*WHAT IS NEEDED:*
Begin with the first line of the listing and quote every line through the one containing "NRV Manchette de"; give only those lines.

■ ■ ■ ■ ■ ■ ■

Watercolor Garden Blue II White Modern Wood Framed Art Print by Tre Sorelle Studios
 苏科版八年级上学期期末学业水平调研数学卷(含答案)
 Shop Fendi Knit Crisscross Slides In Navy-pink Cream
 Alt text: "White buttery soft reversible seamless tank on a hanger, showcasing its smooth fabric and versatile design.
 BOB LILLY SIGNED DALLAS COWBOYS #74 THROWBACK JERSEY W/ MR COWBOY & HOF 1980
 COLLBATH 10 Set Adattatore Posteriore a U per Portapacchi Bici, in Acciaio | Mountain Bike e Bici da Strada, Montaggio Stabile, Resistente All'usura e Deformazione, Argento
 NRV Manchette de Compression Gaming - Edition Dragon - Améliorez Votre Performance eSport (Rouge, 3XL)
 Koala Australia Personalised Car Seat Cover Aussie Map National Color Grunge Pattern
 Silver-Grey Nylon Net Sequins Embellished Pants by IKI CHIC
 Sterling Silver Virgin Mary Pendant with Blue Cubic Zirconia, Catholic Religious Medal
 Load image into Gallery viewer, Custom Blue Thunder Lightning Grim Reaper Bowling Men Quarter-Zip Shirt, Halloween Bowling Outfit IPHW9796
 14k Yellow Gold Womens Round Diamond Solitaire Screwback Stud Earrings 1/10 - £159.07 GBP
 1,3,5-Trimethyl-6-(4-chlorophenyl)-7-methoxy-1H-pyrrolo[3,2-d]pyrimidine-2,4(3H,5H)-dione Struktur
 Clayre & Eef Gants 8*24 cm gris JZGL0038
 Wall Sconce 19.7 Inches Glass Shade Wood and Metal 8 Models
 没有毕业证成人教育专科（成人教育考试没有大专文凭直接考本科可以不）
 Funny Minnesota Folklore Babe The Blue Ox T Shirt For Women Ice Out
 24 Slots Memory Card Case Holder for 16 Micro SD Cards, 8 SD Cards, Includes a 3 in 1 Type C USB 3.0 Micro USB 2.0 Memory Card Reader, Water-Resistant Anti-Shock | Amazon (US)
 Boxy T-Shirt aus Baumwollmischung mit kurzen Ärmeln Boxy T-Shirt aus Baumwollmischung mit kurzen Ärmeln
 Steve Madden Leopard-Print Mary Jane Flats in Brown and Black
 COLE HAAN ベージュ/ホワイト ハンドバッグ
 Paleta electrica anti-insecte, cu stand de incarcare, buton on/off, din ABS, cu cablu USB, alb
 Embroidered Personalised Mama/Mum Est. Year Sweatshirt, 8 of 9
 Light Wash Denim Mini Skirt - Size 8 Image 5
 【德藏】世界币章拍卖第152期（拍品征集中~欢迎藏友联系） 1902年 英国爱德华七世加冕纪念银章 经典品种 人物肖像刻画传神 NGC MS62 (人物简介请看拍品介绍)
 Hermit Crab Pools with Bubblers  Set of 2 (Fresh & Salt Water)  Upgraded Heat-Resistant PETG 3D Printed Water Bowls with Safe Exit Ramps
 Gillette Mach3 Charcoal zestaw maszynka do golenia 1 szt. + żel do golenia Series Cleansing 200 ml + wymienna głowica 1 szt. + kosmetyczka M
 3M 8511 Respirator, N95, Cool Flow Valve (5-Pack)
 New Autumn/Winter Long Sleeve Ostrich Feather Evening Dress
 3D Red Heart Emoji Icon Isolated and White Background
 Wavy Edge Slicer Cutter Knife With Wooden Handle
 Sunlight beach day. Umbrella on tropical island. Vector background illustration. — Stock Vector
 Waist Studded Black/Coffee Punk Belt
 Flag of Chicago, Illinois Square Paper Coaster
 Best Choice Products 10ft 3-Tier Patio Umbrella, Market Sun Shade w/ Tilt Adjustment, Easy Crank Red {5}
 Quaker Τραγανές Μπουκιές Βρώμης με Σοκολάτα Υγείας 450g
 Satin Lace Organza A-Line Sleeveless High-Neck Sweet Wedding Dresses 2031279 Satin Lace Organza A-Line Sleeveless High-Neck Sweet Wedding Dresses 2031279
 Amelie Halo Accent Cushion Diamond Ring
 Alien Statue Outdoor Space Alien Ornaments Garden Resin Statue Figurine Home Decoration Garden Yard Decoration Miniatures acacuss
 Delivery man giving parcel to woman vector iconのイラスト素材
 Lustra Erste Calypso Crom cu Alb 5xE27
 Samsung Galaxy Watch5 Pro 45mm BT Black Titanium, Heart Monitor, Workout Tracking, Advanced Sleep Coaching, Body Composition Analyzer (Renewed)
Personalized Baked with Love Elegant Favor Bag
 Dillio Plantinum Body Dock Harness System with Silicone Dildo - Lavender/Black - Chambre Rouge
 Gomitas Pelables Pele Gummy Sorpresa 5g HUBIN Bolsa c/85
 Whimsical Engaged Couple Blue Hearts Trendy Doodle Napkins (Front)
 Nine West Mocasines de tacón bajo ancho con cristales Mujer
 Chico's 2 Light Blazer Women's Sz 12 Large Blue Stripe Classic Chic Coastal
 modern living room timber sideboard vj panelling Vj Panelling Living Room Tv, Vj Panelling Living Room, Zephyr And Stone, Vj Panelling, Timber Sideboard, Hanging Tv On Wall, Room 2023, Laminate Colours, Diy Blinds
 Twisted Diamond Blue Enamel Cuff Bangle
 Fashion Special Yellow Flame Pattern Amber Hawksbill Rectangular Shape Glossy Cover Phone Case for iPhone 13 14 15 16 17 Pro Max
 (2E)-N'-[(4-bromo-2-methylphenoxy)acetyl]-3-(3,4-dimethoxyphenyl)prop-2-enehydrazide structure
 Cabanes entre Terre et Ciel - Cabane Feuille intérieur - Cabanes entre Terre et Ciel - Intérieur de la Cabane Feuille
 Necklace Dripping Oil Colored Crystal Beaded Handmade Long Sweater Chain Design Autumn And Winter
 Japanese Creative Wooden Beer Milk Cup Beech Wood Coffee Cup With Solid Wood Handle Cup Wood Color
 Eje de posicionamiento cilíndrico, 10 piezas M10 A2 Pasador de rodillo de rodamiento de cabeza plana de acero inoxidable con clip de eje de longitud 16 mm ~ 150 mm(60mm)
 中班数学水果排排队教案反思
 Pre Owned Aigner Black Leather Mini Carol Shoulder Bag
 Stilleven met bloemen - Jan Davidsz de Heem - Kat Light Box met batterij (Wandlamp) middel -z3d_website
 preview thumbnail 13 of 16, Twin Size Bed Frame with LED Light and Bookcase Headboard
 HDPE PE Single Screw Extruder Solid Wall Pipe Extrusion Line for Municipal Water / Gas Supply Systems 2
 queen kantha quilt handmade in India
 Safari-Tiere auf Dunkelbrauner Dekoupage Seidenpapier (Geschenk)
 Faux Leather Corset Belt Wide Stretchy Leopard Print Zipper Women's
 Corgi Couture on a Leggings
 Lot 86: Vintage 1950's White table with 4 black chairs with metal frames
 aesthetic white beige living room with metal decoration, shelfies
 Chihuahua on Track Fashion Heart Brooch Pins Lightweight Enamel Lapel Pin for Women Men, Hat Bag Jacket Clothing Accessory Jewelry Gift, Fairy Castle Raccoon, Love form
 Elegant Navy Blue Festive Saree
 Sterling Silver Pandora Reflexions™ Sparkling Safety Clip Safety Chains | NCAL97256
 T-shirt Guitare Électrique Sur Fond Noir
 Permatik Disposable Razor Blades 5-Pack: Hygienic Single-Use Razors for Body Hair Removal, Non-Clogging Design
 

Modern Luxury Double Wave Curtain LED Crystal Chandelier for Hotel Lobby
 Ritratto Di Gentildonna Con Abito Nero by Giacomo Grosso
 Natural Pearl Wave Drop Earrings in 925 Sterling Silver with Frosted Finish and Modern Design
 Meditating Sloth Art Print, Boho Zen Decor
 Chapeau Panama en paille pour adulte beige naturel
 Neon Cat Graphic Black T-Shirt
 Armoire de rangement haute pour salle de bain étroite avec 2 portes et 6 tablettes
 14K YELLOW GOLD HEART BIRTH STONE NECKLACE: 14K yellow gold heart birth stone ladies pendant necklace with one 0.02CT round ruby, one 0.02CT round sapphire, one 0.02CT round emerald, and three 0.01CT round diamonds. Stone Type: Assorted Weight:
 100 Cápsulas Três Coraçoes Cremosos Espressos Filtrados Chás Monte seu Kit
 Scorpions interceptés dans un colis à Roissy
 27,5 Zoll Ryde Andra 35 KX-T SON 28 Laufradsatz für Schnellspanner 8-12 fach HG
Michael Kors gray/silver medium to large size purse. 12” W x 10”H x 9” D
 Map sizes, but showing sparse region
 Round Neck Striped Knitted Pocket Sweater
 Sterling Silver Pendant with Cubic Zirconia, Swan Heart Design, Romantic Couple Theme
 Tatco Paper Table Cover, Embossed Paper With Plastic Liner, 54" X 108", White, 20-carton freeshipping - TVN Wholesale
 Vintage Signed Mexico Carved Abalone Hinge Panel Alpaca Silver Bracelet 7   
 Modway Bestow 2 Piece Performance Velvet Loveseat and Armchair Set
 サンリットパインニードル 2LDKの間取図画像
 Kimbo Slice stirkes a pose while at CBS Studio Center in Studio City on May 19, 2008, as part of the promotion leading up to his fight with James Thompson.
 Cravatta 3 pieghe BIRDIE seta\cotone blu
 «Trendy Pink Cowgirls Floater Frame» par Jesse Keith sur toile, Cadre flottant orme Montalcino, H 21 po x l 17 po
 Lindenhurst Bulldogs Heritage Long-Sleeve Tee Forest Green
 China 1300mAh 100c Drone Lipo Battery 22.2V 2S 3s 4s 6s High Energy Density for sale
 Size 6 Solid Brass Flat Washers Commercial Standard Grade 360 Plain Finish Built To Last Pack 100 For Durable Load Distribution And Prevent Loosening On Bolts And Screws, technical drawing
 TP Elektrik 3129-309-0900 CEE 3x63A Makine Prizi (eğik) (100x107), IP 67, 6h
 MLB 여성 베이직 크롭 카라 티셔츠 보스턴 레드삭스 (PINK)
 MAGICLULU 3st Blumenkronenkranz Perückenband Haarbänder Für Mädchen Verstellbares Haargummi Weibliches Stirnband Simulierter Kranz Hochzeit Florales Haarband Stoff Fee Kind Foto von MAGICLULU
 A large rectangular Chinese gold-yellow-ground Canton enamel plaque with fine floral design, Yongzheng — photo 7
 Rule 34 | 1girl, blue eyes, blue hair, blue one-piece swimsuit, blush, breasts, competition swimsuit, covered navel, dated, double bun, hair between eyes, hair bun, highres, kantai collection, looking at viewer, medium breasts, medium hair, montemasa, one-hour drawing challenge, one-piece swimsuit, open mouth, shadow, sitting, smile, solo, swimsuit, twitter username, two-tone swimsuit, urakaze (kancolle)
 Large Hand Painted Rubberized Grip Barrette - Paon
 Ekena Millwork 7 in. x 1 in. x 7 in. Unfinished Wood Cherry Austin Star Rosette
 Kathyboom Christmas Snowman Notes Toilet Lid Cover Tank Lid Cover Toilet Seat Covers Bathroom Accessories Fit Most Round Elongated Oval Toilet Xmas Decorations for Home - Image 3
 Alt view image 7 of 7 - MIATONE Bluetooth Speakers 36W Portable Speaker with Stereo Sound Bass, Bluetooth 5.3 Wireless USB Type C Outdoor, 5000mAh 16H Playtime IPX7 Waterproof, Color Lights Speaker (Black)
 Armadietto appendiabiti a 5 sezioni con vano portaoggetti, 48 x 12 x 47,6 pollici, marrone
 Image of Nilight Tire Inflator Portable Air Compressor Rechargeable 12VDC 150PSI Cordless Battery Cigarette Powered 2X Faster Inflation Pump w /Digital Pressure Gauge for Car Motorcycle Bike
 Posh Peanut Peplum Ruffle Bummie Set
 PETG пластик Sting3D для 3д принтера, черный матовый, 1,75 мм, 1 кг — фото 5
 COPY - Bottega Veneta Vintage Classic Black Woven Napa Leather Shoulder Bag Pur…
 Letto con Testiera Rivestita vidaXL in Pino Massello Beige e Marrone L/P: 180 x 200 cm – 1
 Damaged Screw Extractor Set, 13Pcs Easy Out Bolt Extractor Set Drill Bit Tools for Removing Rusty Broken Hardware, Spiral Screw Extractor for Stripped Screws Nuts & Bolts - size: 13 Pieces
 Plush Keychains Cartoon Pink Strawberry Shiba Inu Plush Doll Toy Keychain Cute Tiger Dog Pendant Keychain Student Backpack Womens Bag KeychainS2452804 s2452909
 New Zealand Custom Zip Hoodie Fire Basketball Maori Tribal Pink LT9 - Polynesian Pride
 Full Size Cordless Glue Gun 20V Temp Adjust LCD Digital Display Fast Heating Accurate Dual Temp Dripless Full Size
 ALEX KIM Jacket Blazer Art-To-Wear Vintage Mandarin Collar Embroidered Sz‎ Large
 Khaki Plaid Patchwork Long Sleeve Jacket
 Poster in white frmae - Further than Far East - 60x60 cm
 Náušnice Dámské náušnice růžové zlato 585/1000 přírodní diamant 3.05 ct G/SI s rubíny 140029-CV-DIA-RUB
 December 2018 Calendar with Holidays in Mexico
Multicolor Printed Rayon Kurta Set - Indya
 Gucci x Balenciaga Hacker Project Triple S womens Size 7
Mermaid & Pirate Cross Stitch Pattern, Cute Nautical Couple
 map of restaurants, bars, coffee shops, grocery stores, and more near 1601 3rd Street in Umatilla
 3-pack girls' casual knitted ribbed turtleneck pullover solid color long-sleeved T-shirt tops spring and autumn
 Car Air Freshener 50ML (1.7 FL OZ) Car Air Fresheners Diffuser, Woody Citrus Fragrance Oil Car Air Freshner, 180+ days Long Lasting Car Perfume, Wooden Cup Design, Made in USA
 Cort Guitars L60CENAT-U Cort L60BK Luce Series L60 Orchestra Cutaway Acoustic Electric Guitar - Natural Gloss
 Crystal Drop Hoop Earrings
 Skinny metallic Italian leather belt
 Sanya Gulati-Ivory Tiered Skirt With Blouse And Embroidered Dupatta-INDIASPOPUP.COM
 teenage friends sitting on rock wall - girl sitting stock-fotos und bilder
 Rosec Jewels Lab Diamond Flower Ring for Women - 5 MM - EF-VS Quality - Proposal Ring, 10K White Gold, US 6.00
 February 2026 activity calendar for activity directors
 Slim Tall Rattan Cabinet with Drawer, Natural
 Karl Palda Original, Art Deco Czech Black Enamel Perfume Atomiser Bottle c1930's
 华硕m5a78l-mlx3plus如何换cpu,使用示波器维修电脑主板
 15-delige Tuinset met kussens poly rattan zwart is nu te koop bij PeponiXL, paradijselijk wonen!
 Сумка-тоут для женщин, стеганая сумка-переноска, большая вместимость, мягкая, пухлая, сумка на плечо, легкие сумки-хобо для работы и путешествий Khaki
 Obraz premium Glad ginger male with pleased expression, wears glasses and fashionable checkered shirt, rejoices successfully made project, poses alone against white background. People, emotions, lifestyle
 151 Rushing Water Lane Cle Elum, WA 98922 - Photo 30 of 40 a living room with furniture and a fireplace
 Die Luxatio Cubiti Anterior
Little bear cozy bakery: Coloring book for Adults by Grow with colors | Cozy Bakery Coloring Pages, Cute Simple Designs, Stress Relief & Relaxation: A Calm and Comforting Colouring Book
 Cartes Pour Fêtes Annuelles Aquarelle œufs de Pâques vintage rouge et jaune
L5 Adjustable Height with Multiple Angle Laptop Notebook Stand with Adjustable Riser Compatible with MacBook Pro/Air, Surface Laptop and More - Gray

■ ■ ■ ■ ■ ■ ■

*RESULT:*
Watercolor Garden Blue II White Modern Wood Framed Art Print by Tre Sorelle Studios
 苏科版八年级上学期期末学业水平调研数学卷(含答案)
 Shop Fendi Knit Crisscross Slides In Navy-pink Cream
 Alt text: "White buttery soft reversible seamless tank on a hanger, showcasing its smooth fabric and versatile design.
 BOB LILLY SIGNED DALLAS COWBOYS #74 THROWBACK JERSEY W/ MR COWBOY & HOF 1980
 COLLBATH 10 Set Adattatore Posteriore a U per Portapacchi Bici, in Acciaio | Mountain Bike e Bici da Strada, Montaggio Stabile, Resistente All'usura e Deformazione, Argento
 NRV Manchette de Compression Gaming - Edition Dragon - Améliorez Votre Performance eSport (Rouge, 3XL)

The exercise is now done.